And so the complete factory including the area with about 65,000 square meters came under management by the PM Kapital GmbH & Co. KG, complementarily with the PM Verwaltungs-& Beteiligungs GmbH (which also runs the factory outlet). The first months started out very promising and in May 2001 the workforce had already increased to 154 workers which partly even worked overtime. The month of July saw the conventional continuous firing kiln being replaced by a discontinuous firing chamber-kiln, an estimated investment of around DM 2 million. During the year 2002, the international political crisis and the substitution of the European currency lead to excessive structural changes in the entire ceramic industry, together with a drastic decline of the traditional product categories which were the prominent area of business of Kaiser-Porzellan.

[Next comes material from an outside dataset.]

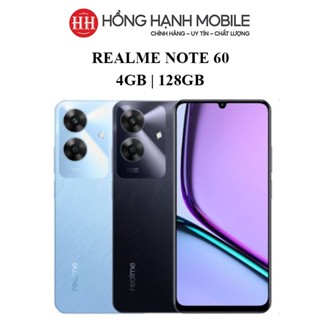 Điện Thoại Realme Note 60 4GB/128GB - Hàng Chính Hãng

After a good start into 2003 and an excellent response to the established changes in the collection, the Iraq crisis and the still changing European markets lead to a further decline of demand in late spring, which made additional restructuring of the company necessary. On May 20th 2003, a new managing company, the Porzellan Design Bad Staffelstein GmbH & Co. KG, took over the operational activities. Successfully, size and internal organization of the company were once again adjusted to the change of demand and the complete collection was restructured and geared to target new audiences by 2007.

Next to Kaiser-Porzellanmanufaktur Staffelstein, the PM Kapital GmbH & Co. KG on September 1st 2010 also took over Goebel Porzellan, former (and later re-instated) creator of the famous M.J. Hummel figures.

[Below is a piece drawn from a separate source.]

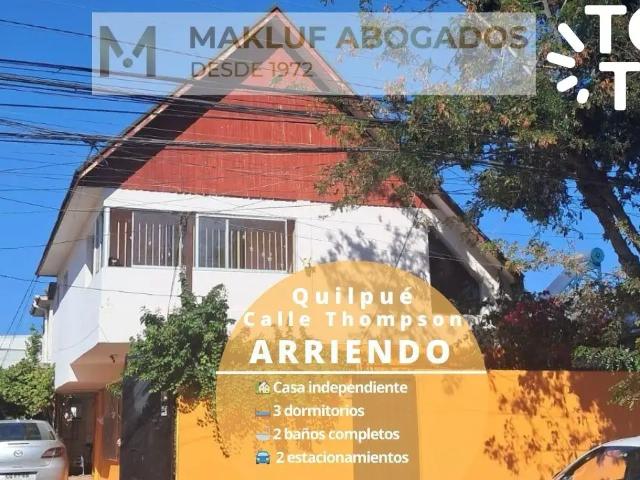 Casa en arriendo en Quilpué, Valparaíso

The town of Kronach is very old, first mentioned in 1003 A.D. as Urbs Crana, hence many local companies directly use (or at least refer to) the historic name of Crana. Alboth & Kaiser produced one complete series of marks which included the name Crana in the crown. Following their impressed "GK" mark, the Gebrüder Kühnlenz also used an impressed "K" encircled by a "C", representing "Kühnlenz in Crana", and Oechsler & Andechser used the initials "OCA", representing "Oechsler (Crana) Andechser" to show where their business was centered. These snippets of information are often lost over time, creating unnecessary puzzles for later generations of collectors.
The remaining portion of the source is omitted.